The context of why I’m trying to do this
We have a lot of tables that are scheduled for daily refreshes in ECS. Sometimes we update these tables to include new features. Sometimes these updates result in the tables breaking which causes the table to not include any new data past the date when it broke. (For example, a column was added, but not included in the “group by” section of the code, so it broke the sql and the table was no longer getting built).
We set up monitor alarms triggered by “ERRROR” string in the logs in AWS, so now it will hopefully email notification when a refresh job fails. But we were wondering if there’s a way to get that information more directly.
What I’ve already tried
We thought about including a “updated on” column in all the tables, which we can check to see if the table was actually updated recently. But that would require rewriting a lot of tables and we don’t really want to do that. Is there maybe some kind of dbt logs or tracking that we could use?
For example, when the daily job kicks off and rebuilds all the tables with “daily” tag, if there a way for it to let us know AFTER it ran all the tables, which ones were broken and didn’t get rebuilt?
Each dbt run command creates a file called run_results.json that has a record of what it did. Save that file and then parse all the files to see what happened.

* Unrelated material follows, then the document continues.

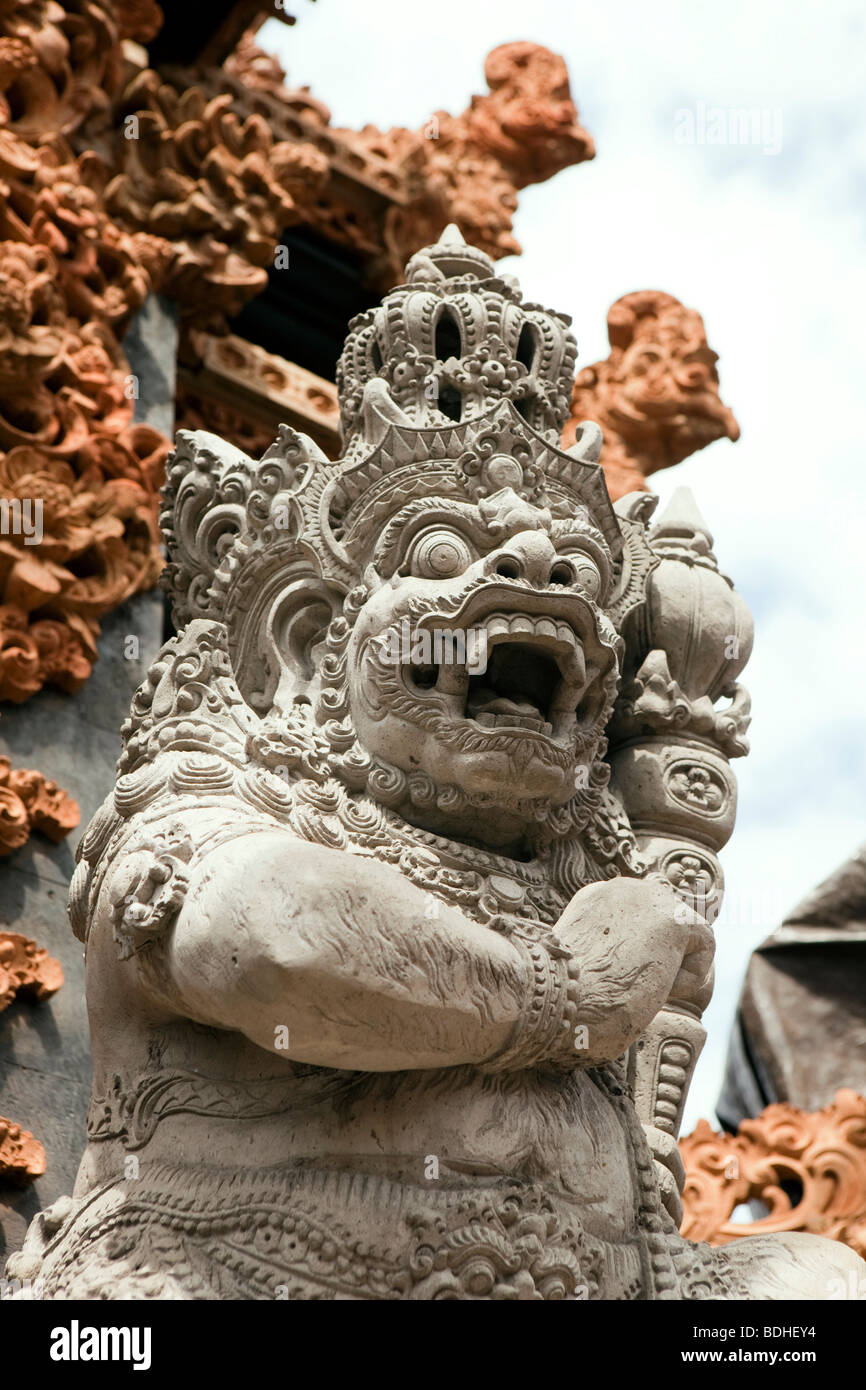 Indonesien, Bali, Kuta, Jalan Pantai, geschnitzten Stein Hindu-Gottheit vor kleinen lokalen Tempel Stockfoto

Alternatively, look at the query logs of your database for queries run by the service account that runs your dbt jobs.
Thanks! So if a job runs all tables with “daily” tag. It would overwrite the run_results.json after every table, right? How would you parse it after every table then? Or does it will it only create one run_results after ALL the files with the “daily” tag were run?
Well it depends on where you’re running the dbt command. You’ll need to persist the run_results.json file somewhere (eg S3) and then parse it. If you’re running in a cloud environment like ECS where your VM and its storage aren’t persistent you’ll have to write the file out to persistent storage as the last step of your process. There are also dbt packages that do this job from what I remember (inserting data from run_results into the database) but I don’t use them, we parse the run_results and the query log in our database.